En résumé pour être qualifié de multi-sites :

  • l’organisme doit avoir un seul et unique système qualité,
  • l’organisme doit identifier sa fonction centrale qui fait partie de l’entité et n’est pas sous-traitée,
  • la fonction centrale doit avoir l’autorité organisationnelle pour définir, mettre en place et faire fonctionner le système qualité unique,
  • tous les sites doivent être inclus dans le programme de surveillance géré par la fonction centrale.

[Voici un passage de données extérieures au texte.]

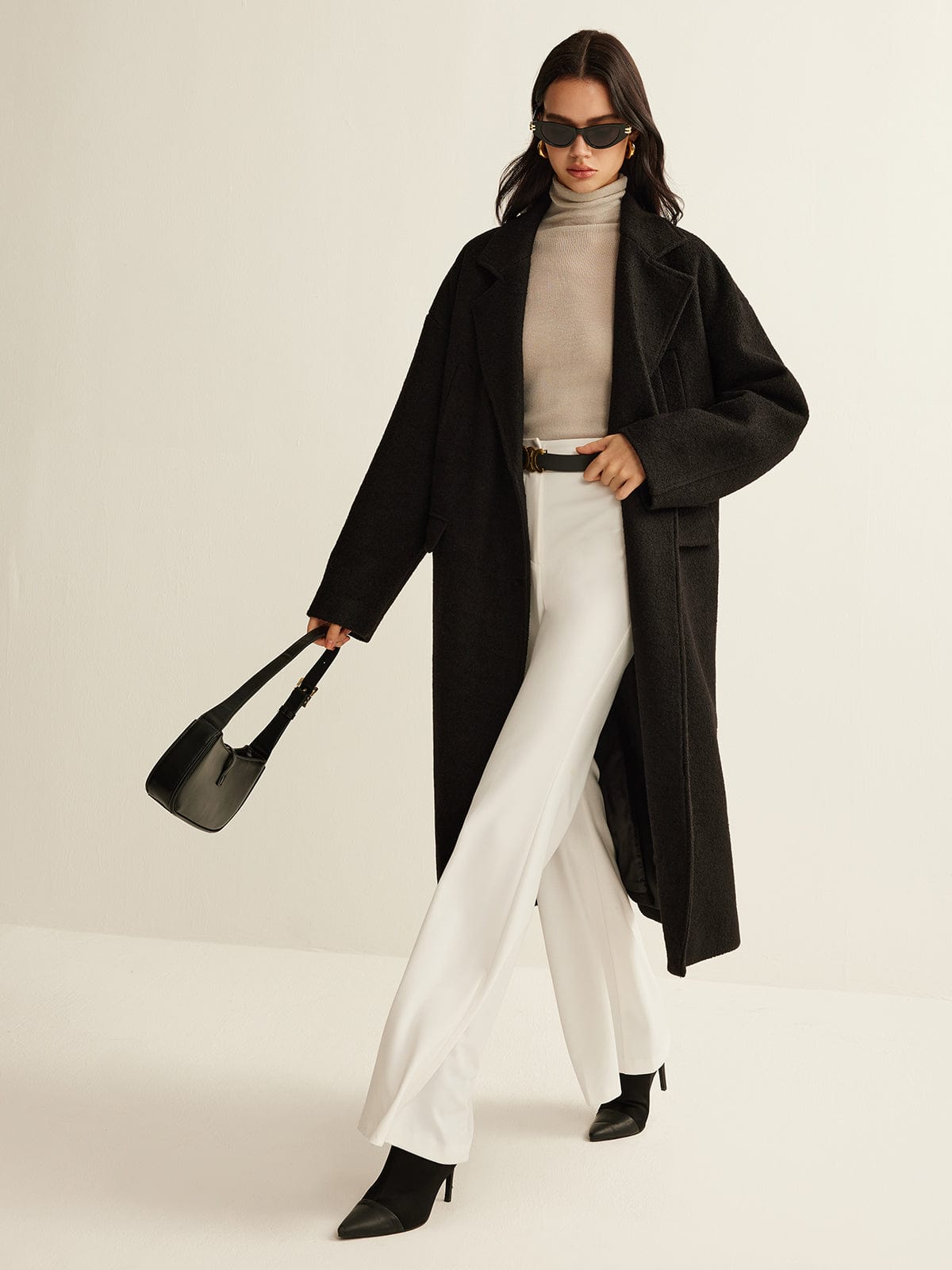 Sophia | Eleganter Trenchcoat für Damen Schwarz Klassisch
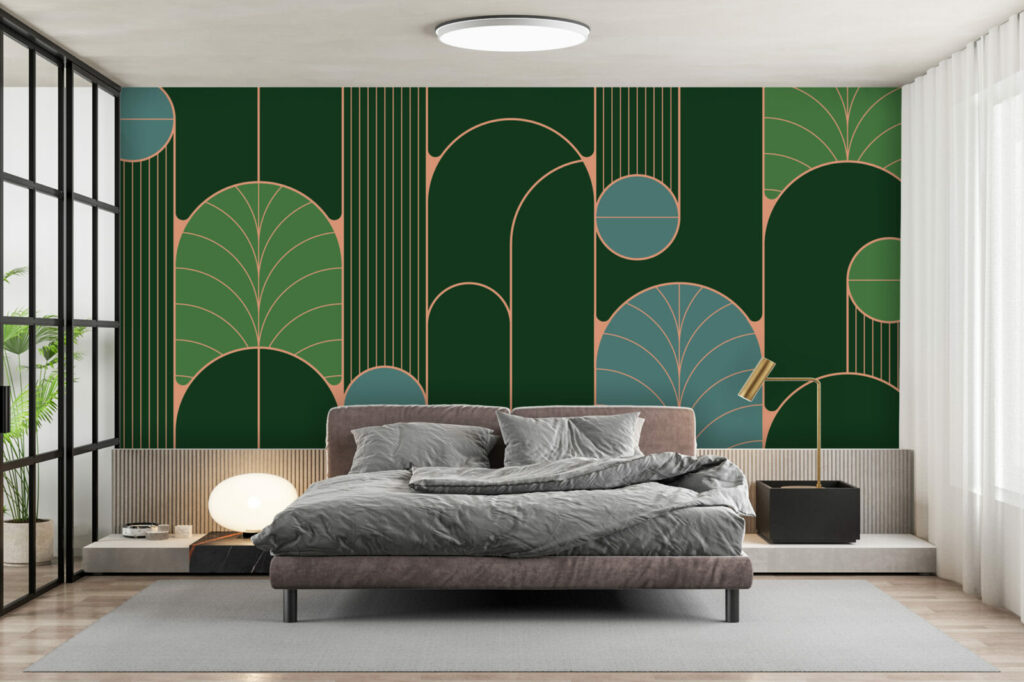 vinyle autocollant géométrique tendance coloniale personnalisable moins cher espace parentale - vert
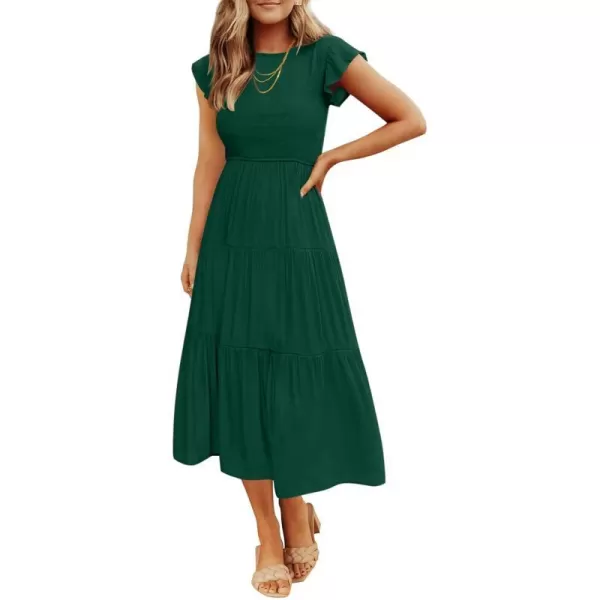 imageZESICA Womens 2024 Summer Casual Flutter Short Sleeve Crew Neck Smocked Elastic Waist Tiered Midi DressDark Green
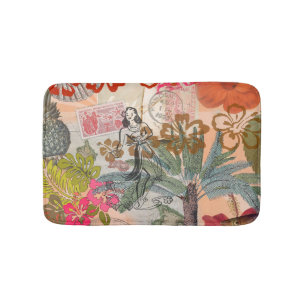 Vintage Bloemen Hula Kleurrijk Hawaiaans Tropisch Badmat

Un organisme ayant un site unique mais dont un ou plusieurs salariés travaillent à domicile n’est pas considéré comme un organisme multi-sites.
De même du personnel présent à mi-temps est considéré comme du personnel permanent dès lors qu’un contrat de travail est en vigueur.

2) Quel montant de chiffre d’affaires (CA) est pris en compte lors de la réalisation de la proposition commerciale de certification ?
Le CA pris en compte pour déterminer la durée de l’audit est le CA déclaré annuellement
dans le Bilan Pédagogique et Financier (BPF). Le CA pris en compte est celui transmis dans le BPF au moment de la signature du contrat et même dans l’hypothèse où l’audit est programmé après le nouveau BPF annuel (par exemple BPF de 2018 utilisé pour un contrat signé en février même si l’audit est réalisé en juin). Ce bilan sert également de base pour le calcul de la durée de l’audit de surveillance.

Les Organismes Certificateurs doivent disposer du dernier BPF en vigueur. Après la réception des pièces et la signature du contrat, l’organisme certificateur définit avec l’organisme la date de l’audit.
Le nouveau BPF sera transmis lors de l’édition du nouveau contrat lors de l’audit de renouvellement. Il peut donc révéler d’un choix stratégique de signer ou non le contrat de certificat avec ou après le BPF de 2019 (à remplir en avril 2020). Attention toutefois aux disponibilités de dates chez les organismes certificateur.

3) Un organisme qui sous-traite l’intégralité de ses formations doit-il et peut-il être certifié ? Un organisme certifié peut-il perdre sa certification à cause d’un sous-traitant ne respectant par le RNQ ?
Un organisme déclaré et qui dispose d’un NDA est soumis à l’obligation le 01/01/21 d’être certifié selon le  RNQ pour faire appel à des fonds publics. L’organisme porte donc la responsabilité de l’application du RNQ auprès de l’intégralité de ses sous-traitants au titre de l’indicateur 27. Néanmoins si la sous-traitance est totale, l’audit portera sur l’intégralité des indicateurs applicables à la catégorie d’action concernée. L’organisme devra démontrer  les dispositions mises en place pour la maitrise de ses sous-traitants. Le sous-traitant n’est pas audité directement.

Le non-respect d’un des critères constitue une non-conformité majeure susceptible de remettre en cause la certification.